Bref, on est rarement déçu lorsque l’on écoute un disque Intakt, y compris lorsque l’on découvre de nouveaux musiciens. En voici une nouvelle petite revue.
On ne présente plus Pierre Favre, qui a donné ses lettres de noblesse à la percussion solo depuis près de cinquante ans. Depuis plusieurs années, le grand batteur a réuni trois jeunes percussionnistes, Chris Jaeger, Markus Lauterburg et Valeria Zangger dans un travail commun autour de compositions rythmiques. Car il s’agit bien de compositions, sur des structures souvent courtes et circulaires, offrant tout un jeu de polyrythmies complexes et colorées, jouées avec souplesse, légèreté mais fermeté, et avec une précision d’horloge suisse. Même s’il manque le côté visuel qui nous permettrait de savoir qui joue de quoi, car la panoplie est vaste, nous restons, auditeurs, en alerte tout au long de ces douze pièces variées et captivantes. Un beau travail ! « DrumSights » (Intakt CD 260).

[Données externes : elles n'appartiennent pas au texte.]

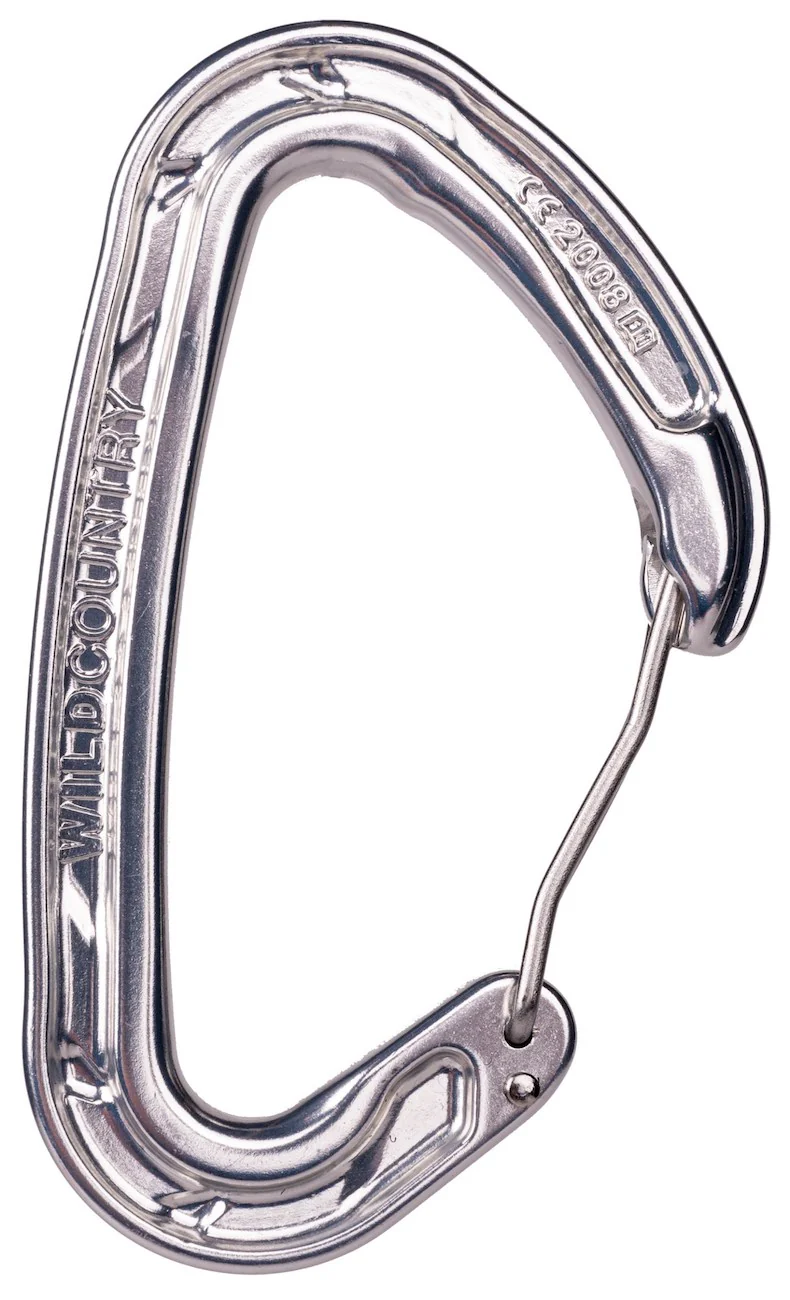 Helium 3.0 Carabiner - Image 4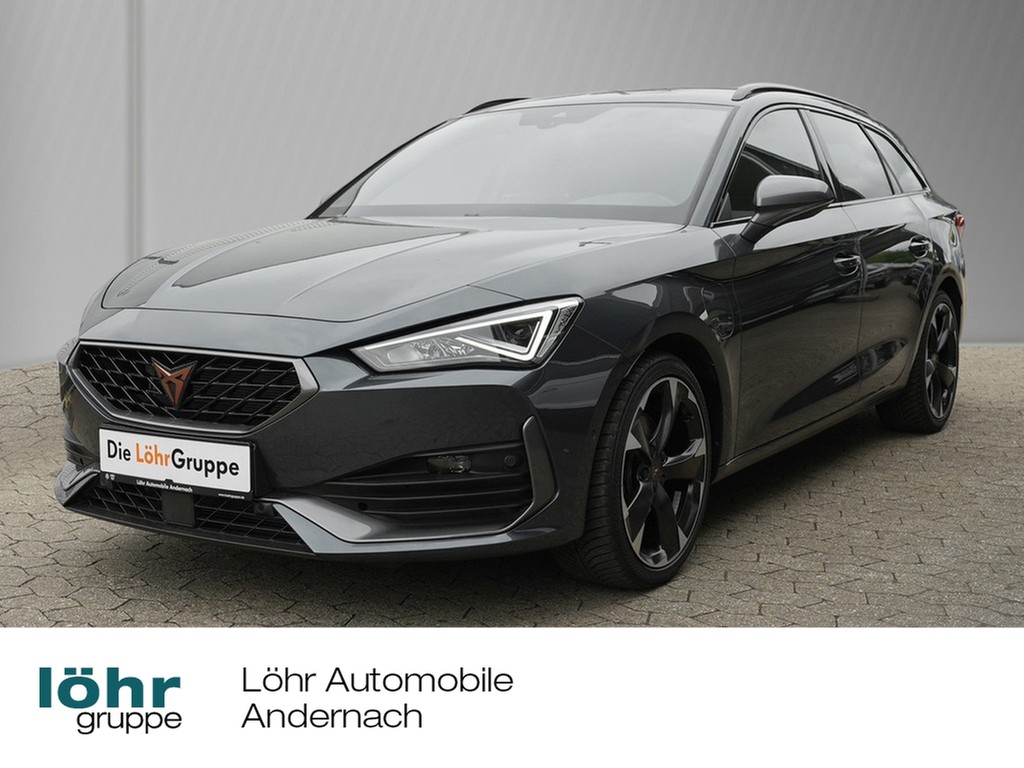 Leon ST 1.4 TSI DSG e-Hybrid Navi/RFK/LED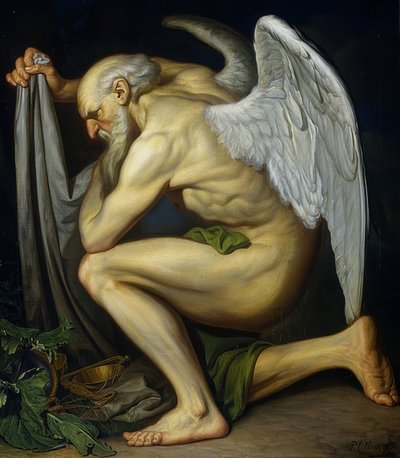 Zeit von Pieter Christoffel Wonder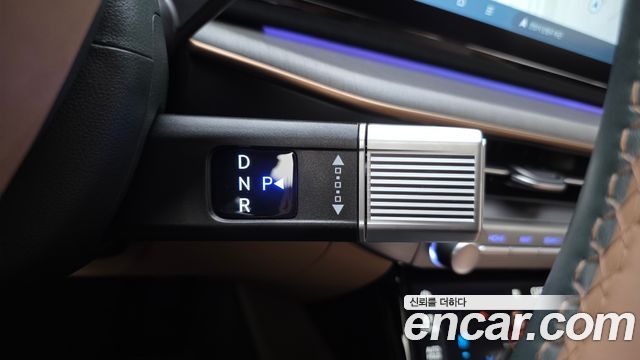 Hyundai Grandeur 2024 — photo 12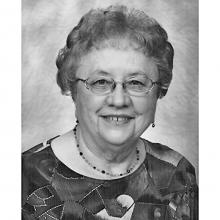 SOPHIE RUPTASH (BANASH) Obituary pic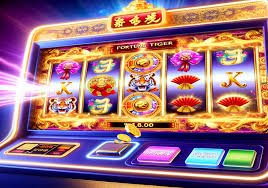 Giao diện slot game nổ hũ jackpot trên điện thoại tại sc66 Việt Nam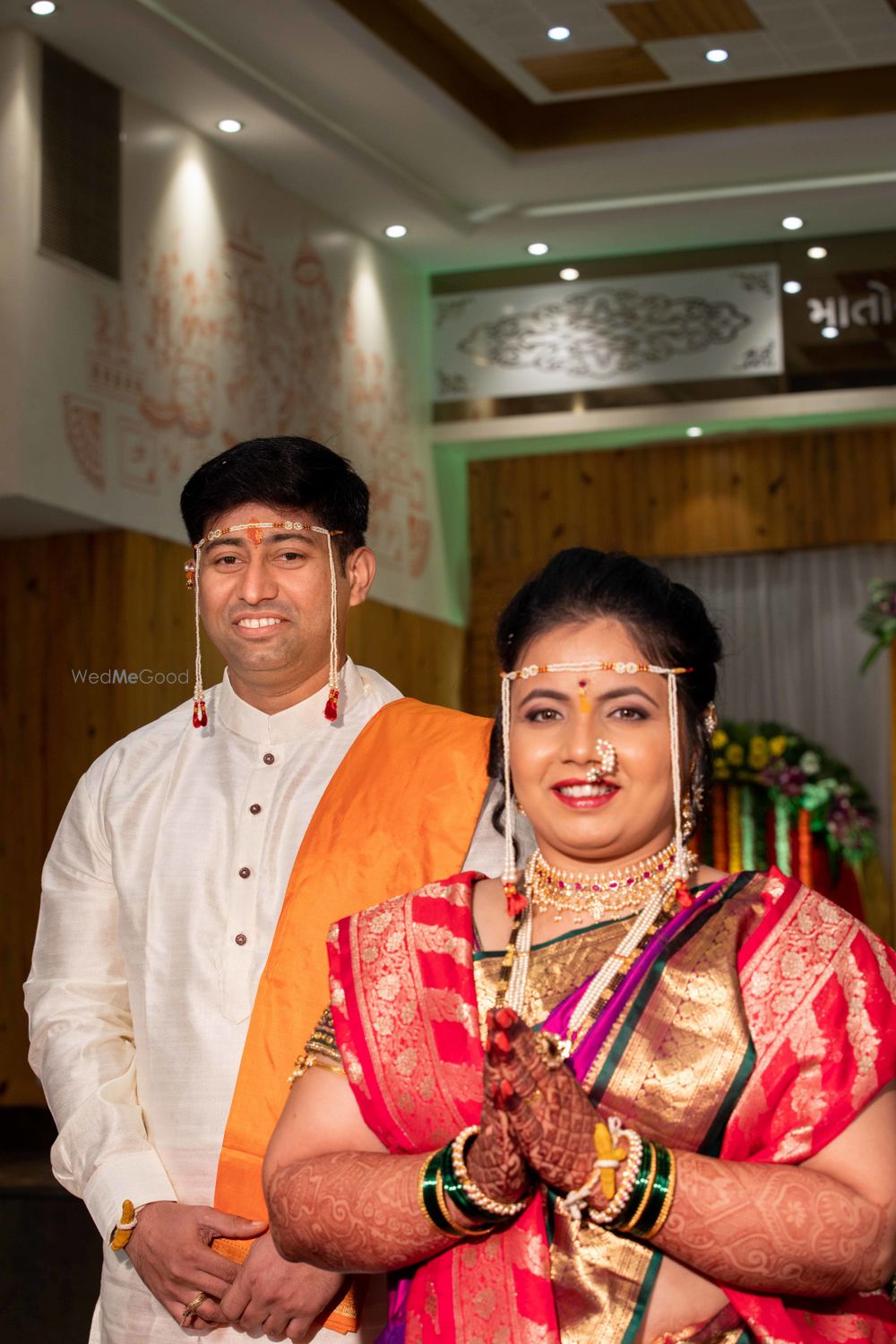 Photo From Chaitanya & Aditi  - By Ajinkya Jadhav Photography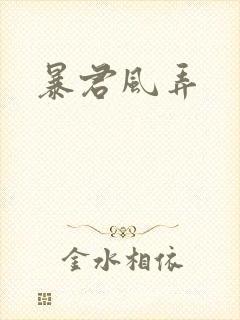 暴君风弄
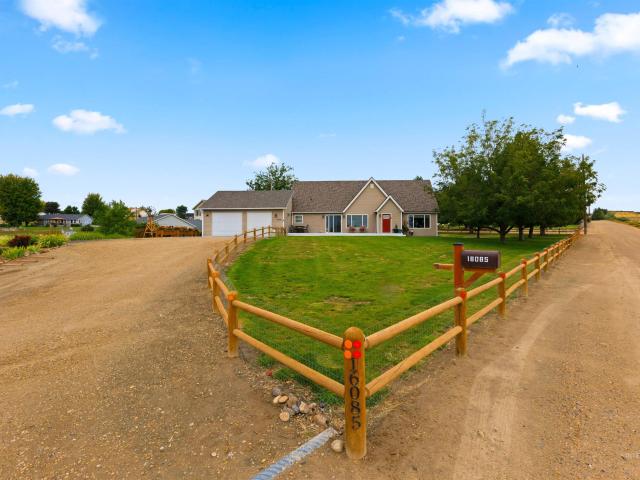 House for sale in Caldwell, Canyon County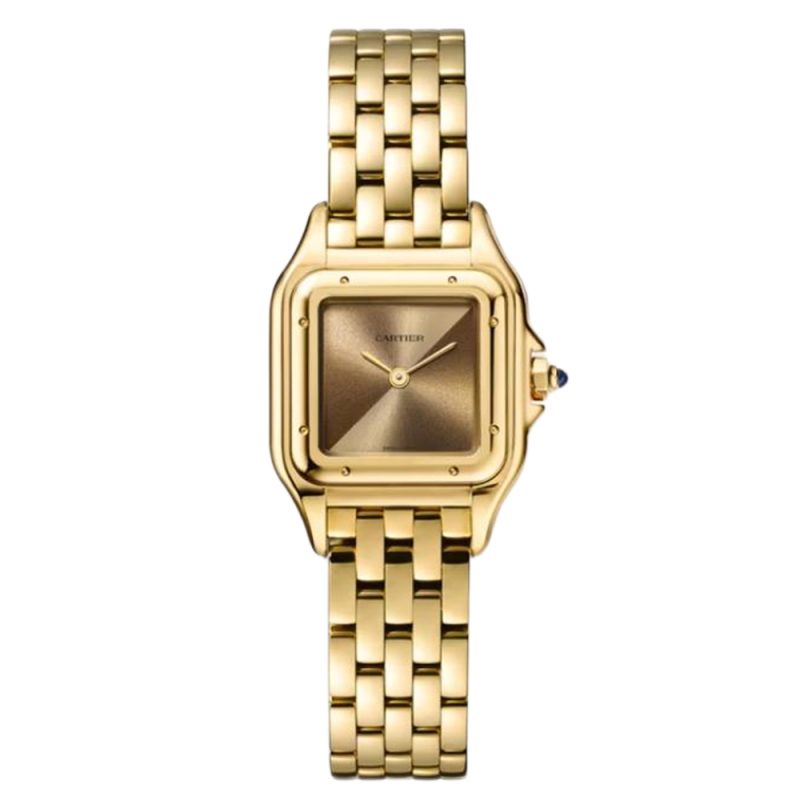Cartier Panthère de Cartier Small 2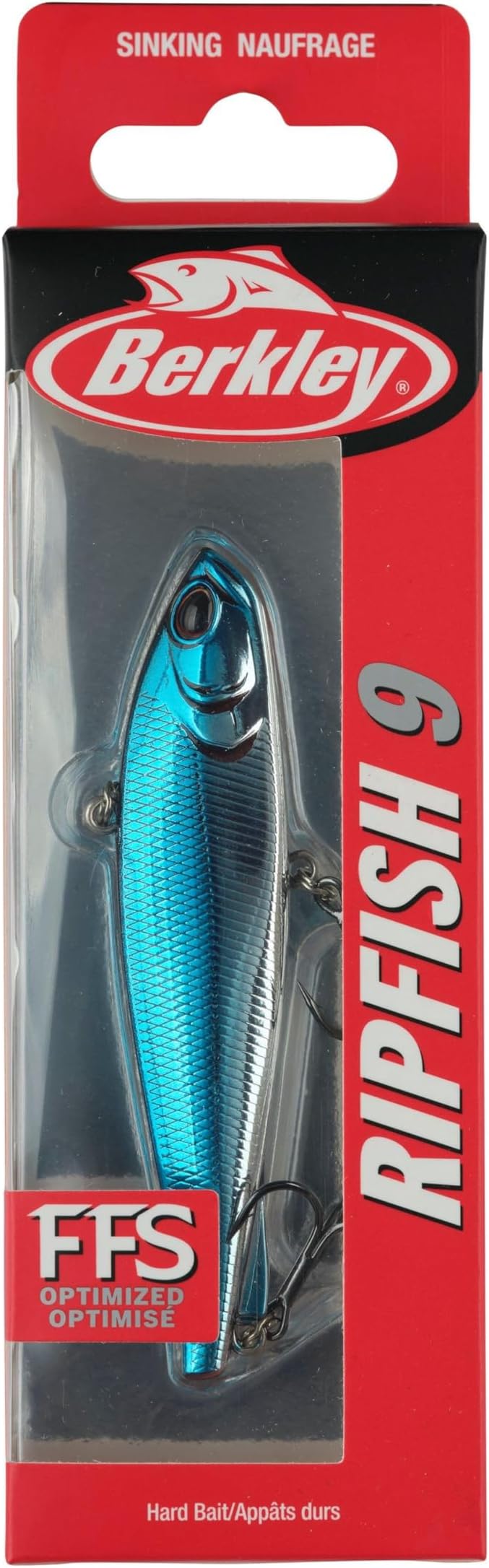 Berkley Ripfish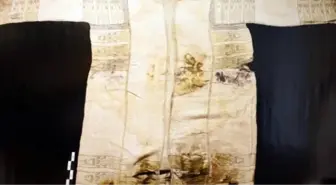 Hamam Gömleği' İhracata Katkı Sağlayayacak
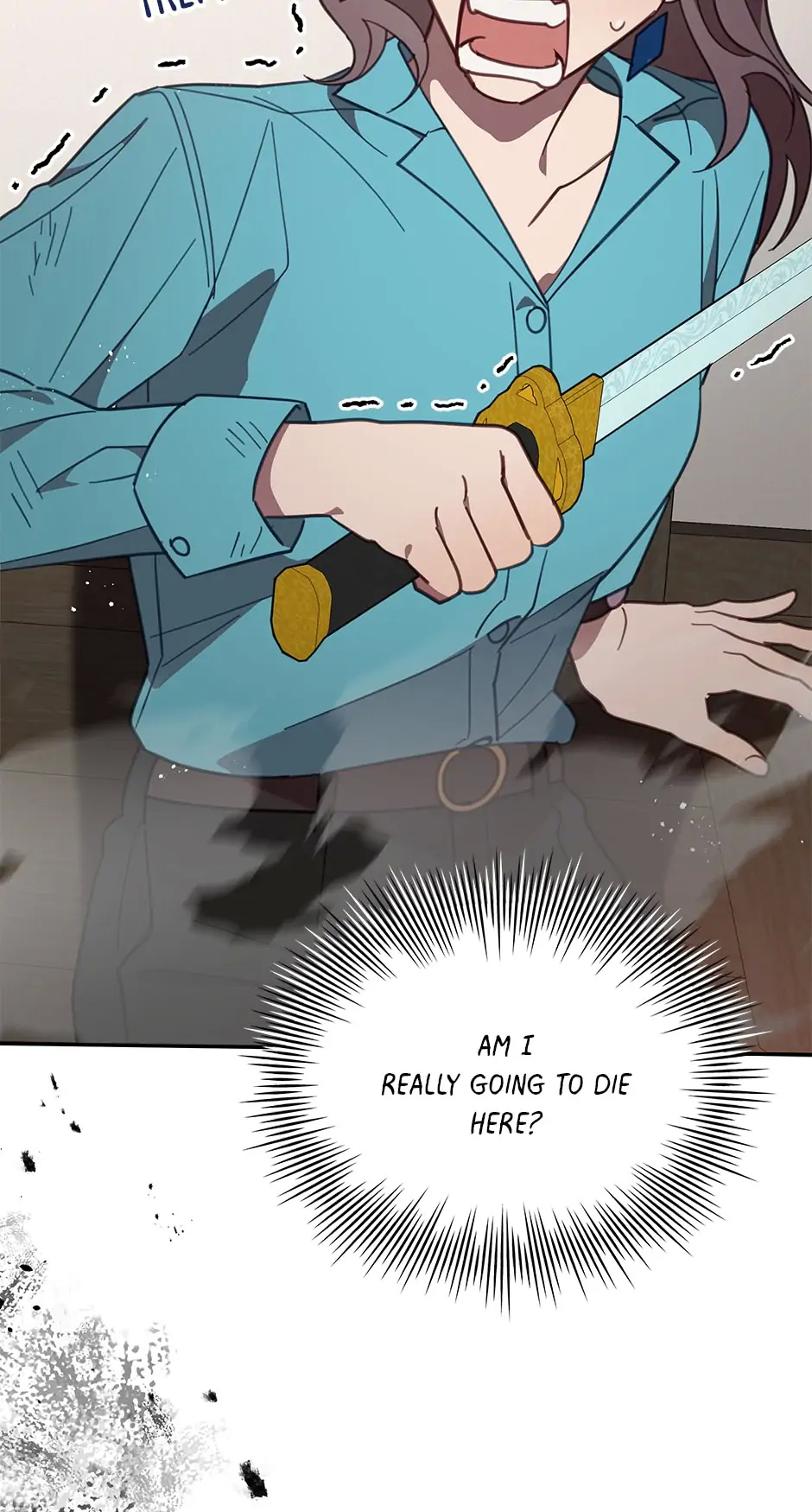 An animal hospital in the border area chapter 70 - page 60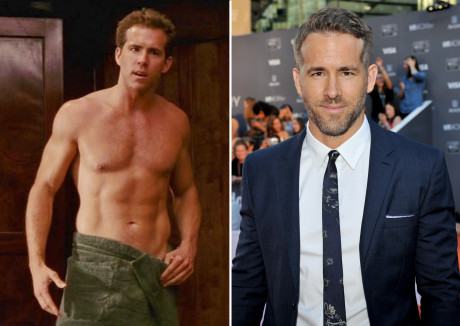 33 Ryan Reynolds Facts That Prove He Really That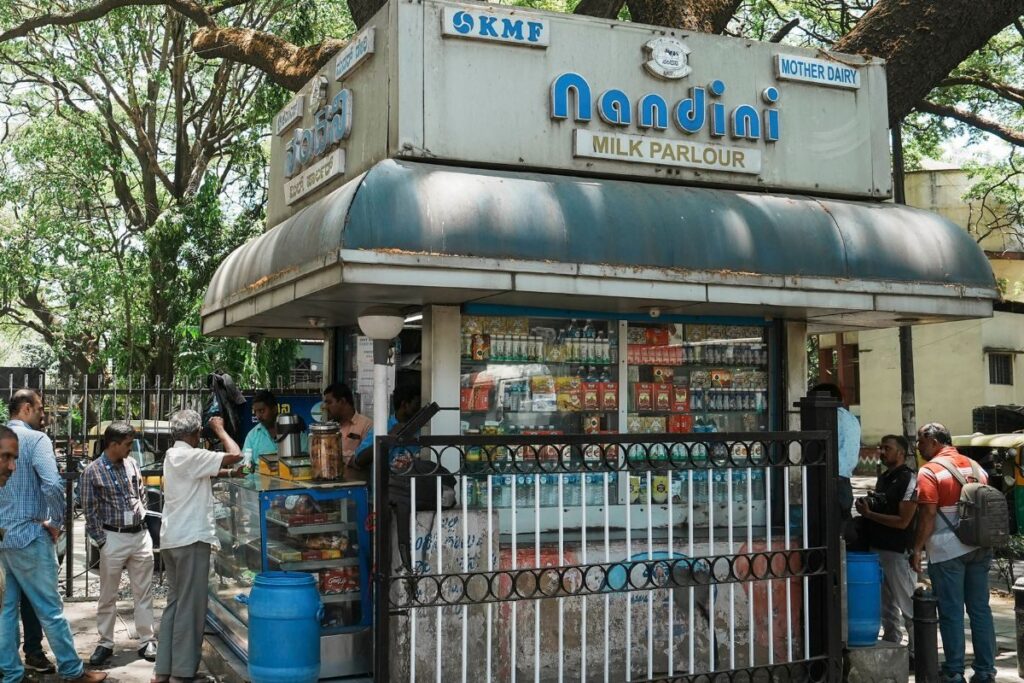 ‘Dairy Farmers Are Suffering… Why is There a Hue & Cry?’: Karnataka Milk Body Justifies Price Hike of Nandini Products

Le saxophoniste alto Omri Ziegele ne nous est pas inconnu et nous avons déjà signalé son travail tant en duo qu’en nonette avec lequel il a réalisé déjà trois disques. De ce groupe, il n’a conservé que la rythmique (Jan Schlegel, basse électrique, et Dieter Ulrich, batterie) pour former Noisy Minority, trio très soudé et ouvert, auquel s’est joint ici le grand tromboniste américain Ray Anderson. L’apport de cet immense musicien, et la façon dont il navigue à travers les huit compositions de Ziegele (lequel n’est pas en reste) provoquent un vif intérêt : « Wrong Is Right » (Intakt 262).
Voici le premier disque Intakt du groupe Weird Beard dirigé par le saxophoniste alto Florian Egli déjà entendu auprès de Jürg Wickihalder : quatre jeunes musiciens dont Dave Gisler (el.bass) qu’on retrouve également avec Christoph Irniger (voir ci-dessous). Le leader a composé les huit pièces de ce disque enregistré en France à Noyant La Gravoyère (49) par David Odlum, qui est peu le cinquième homme du groupe, compte tenu du gros travail sur le son d’ensemble. Un jazz « actuel » joué par des musiciens qui ont été élevés au rock, et qui savent en sortir : « Everything Moves » (Intakt 265).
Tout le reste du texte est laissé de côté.